# [Information supplied]
______________________________
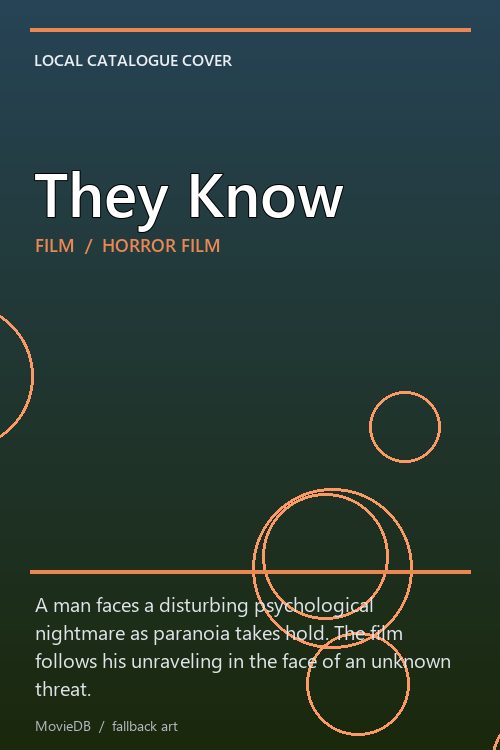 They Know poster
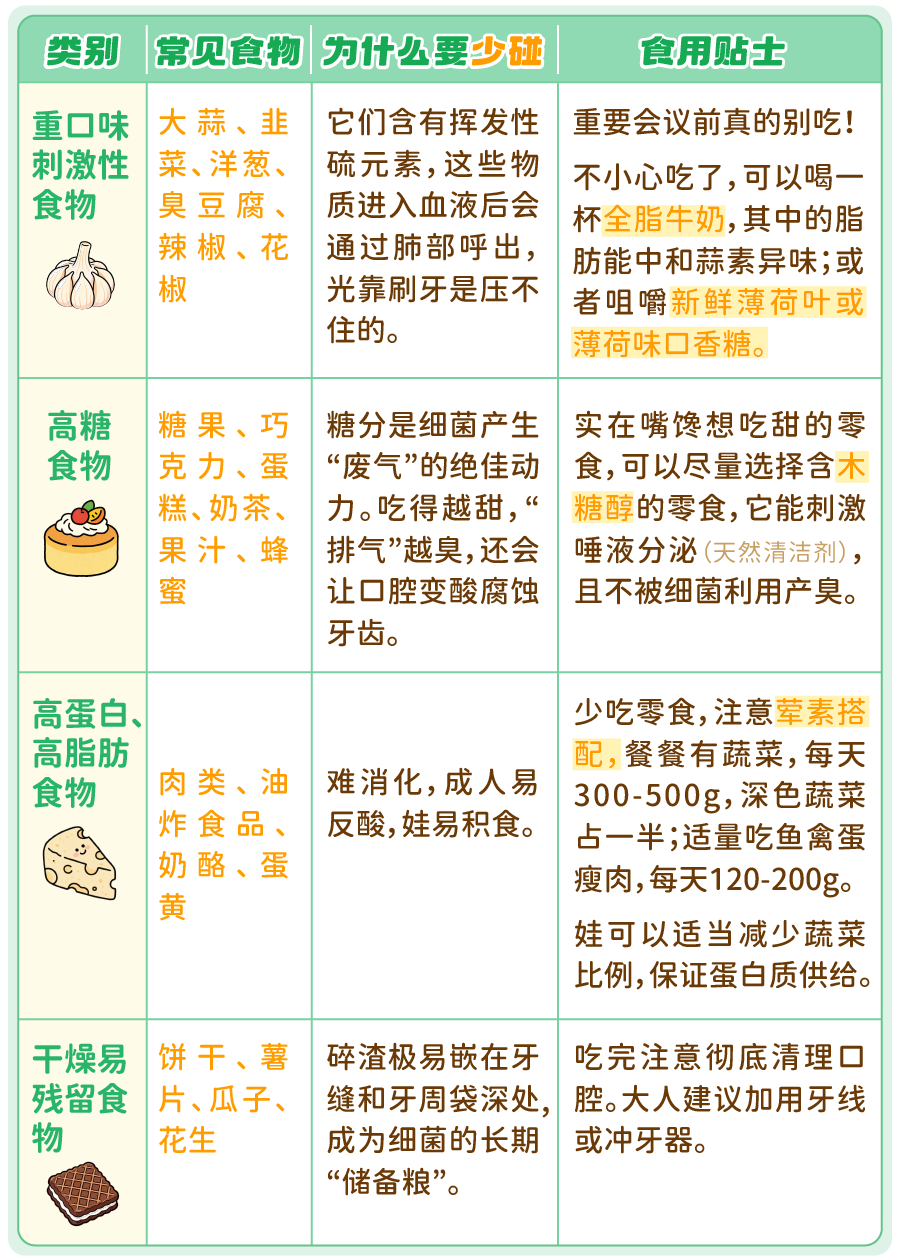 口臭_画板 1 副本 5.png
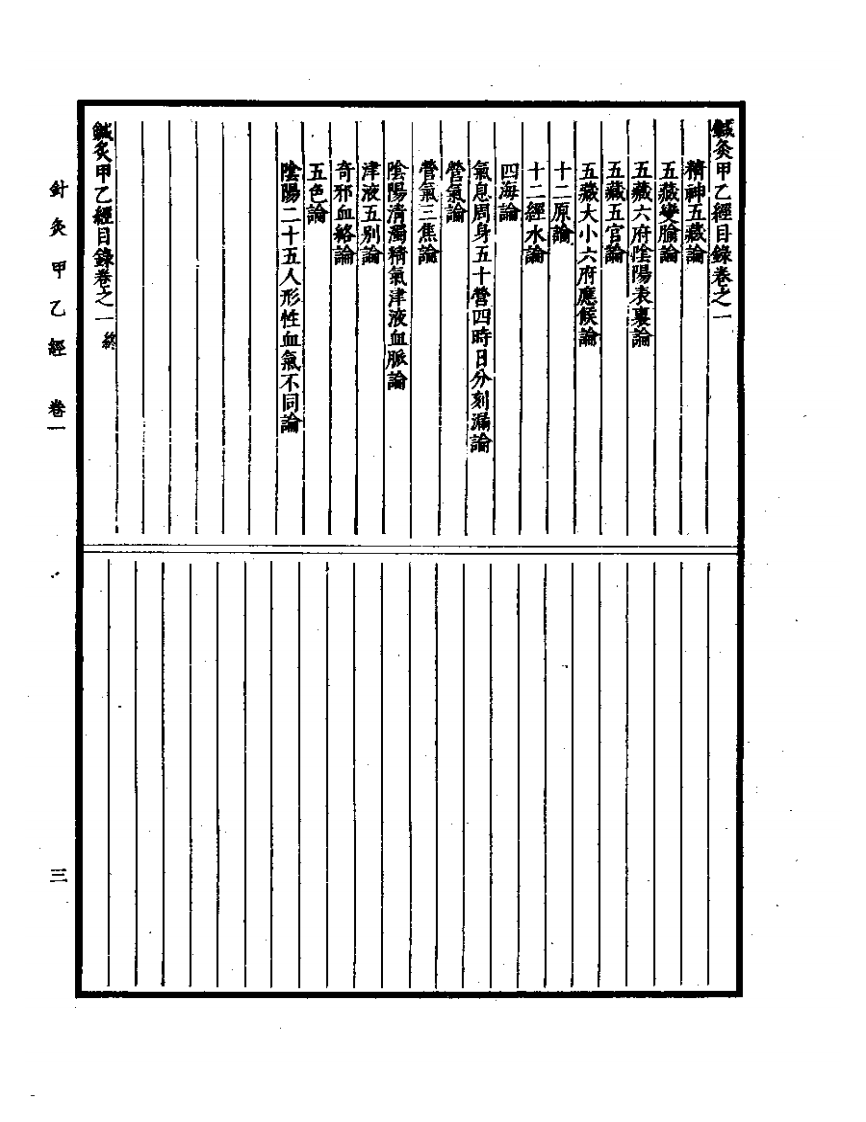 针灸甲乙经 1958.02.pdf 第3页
______________________________
# [Required work]
Each line above is to be repeated exactly as written; no picture is carried over.

# [Solved problem]
 They Know poster
 口臭_画板 1 副本 5.png
 针灸甲乙经 1958.02.pdf 第3页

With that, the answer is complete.